US States Are Quietly Dropping Income Taxes

US States Are Quietly Dropping Income Taxes

( – The federal government might be determined to take an ever-larger share of the money Americans earn, but many states are moving in the opposite direction. There are now nine states that don’t collect income tax on their residents — and more look set to follow.

Millions of Americans are on the move, leaving failing blue states and heading for fresh pastures. Many factors can persuade people to make the move, from high crime to finding better schools for their children, but taxation is also a big incentive. It’s probably no coincidence that of the five states with the fastest predicted population growth for 2023 — Idaho, Utah, Texas, Nevada, and Florida — three have no state income tax, and a fourth is moving in that direction.

Right now, nine states don’t impose an income tax — Alaska, Florida, Nevada, New Hampshire, South Dakota, Tennessee, Texas, Washington, and Wyoming. Grover Norquist, president of Americans for Tax Reform, says another 10 are in the process of slashing or eliminating theirs. North Carolina is “a few years away” from phasing out its levy on earnings, while North Dakota Governor Doug Burgum (R) announced last August that he plans to scrap individual income taxes for most residents.

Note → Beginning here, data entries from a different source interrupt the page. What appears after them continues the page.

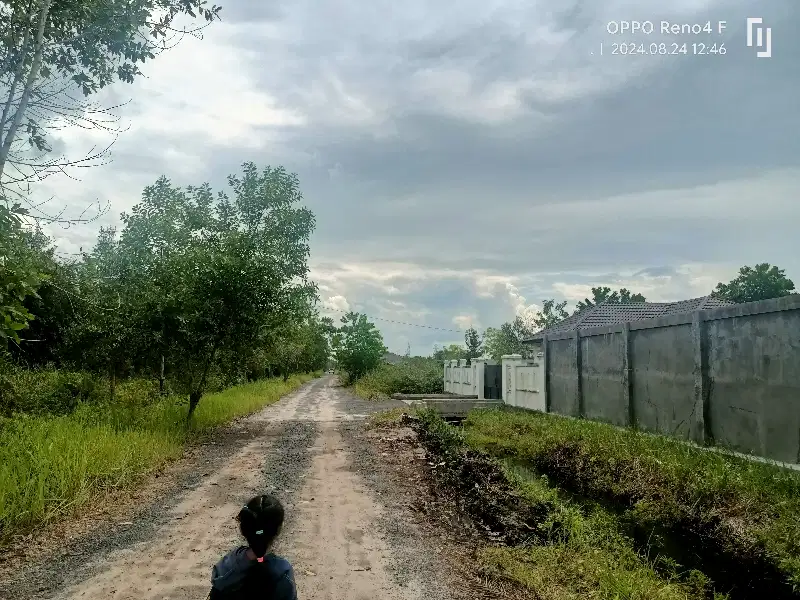 Jl. Buluh Merindu mahir mahar (Ahmad Dody)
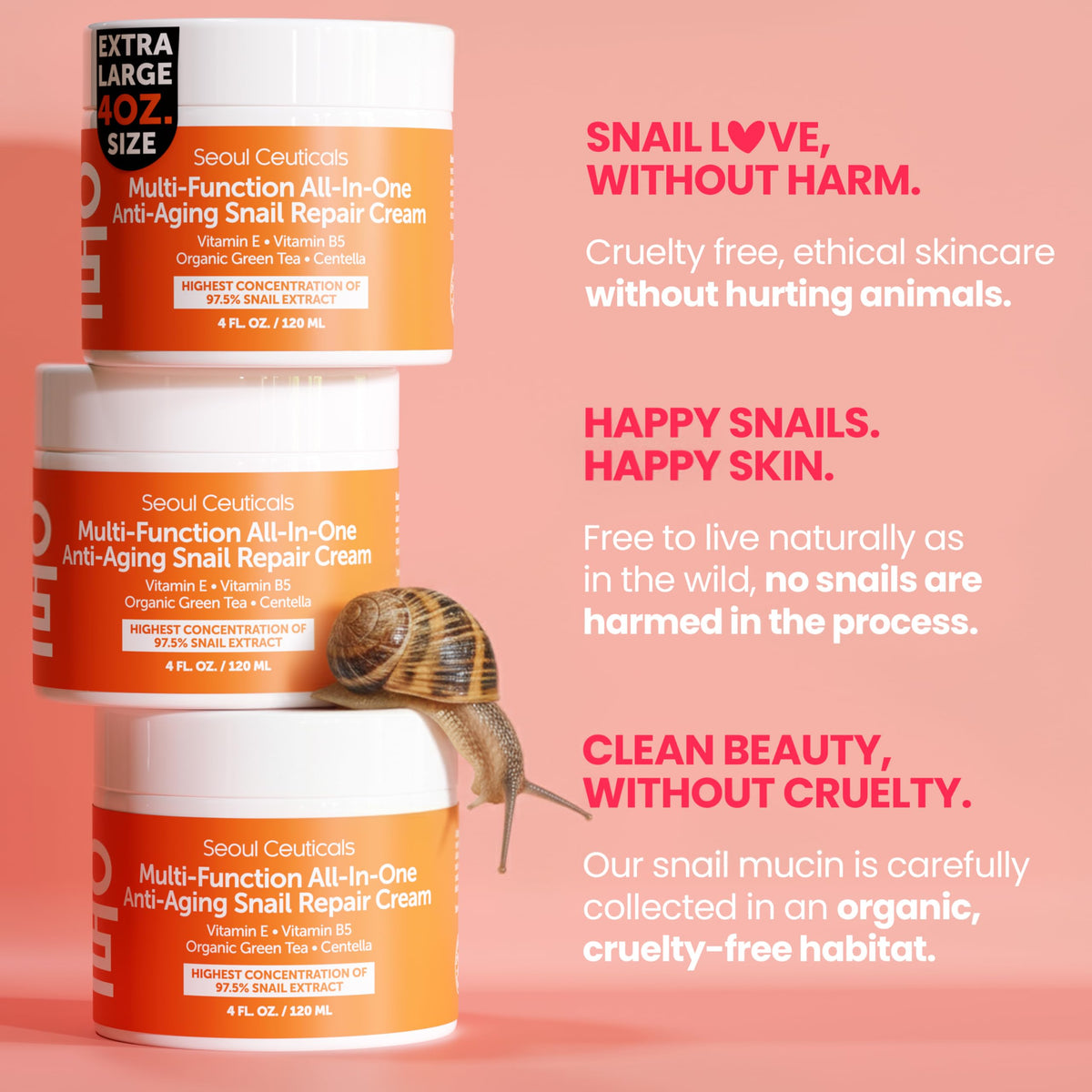 SeoulCeuticals ingredients flatlay with aloe and jojoba showing natural formula benefit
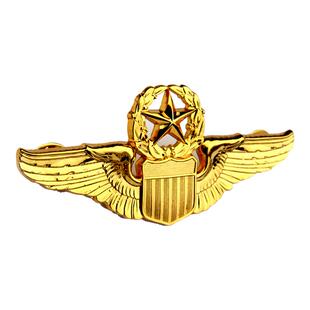 美式将官上将士官军衔金属徽章标领花领章领徽船帽帽徽肩章勋章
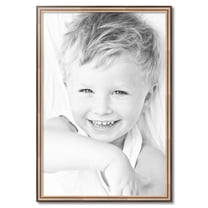 ArtToFrames 27" x 40" Anique Silver Picture Frame, 27x40 inch Silver Wood Poster Frame (WOM-4964)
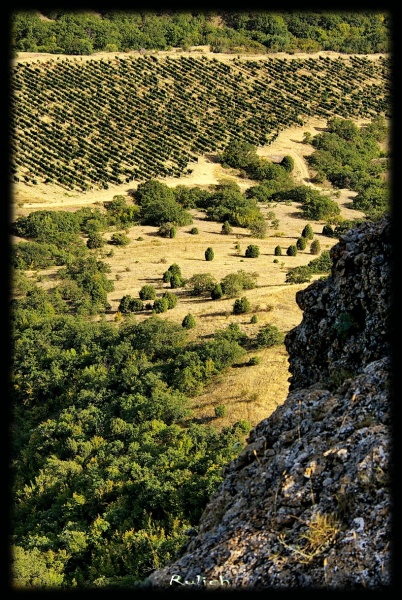 Linearität des Chaos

States have gotten used to the revenue from income taxes, and phasing them out can be a long process. Norquist says Kentucky will need 12 years to get there, and “Louisiana is on a 15-year phasedown to zero.” West Virginia Governor Jim Justice (R) is facing opposition from his state senate but is still pushing for a permanent 10% income tax cut.

Americans are weary of high taxes; the two states with the highest income taxes — California and New York — saw the biggest drops in population from 2020-2021. The good news is that if you want to keep more of the money you earn, there’s a growing list of states that are happy to let you do that.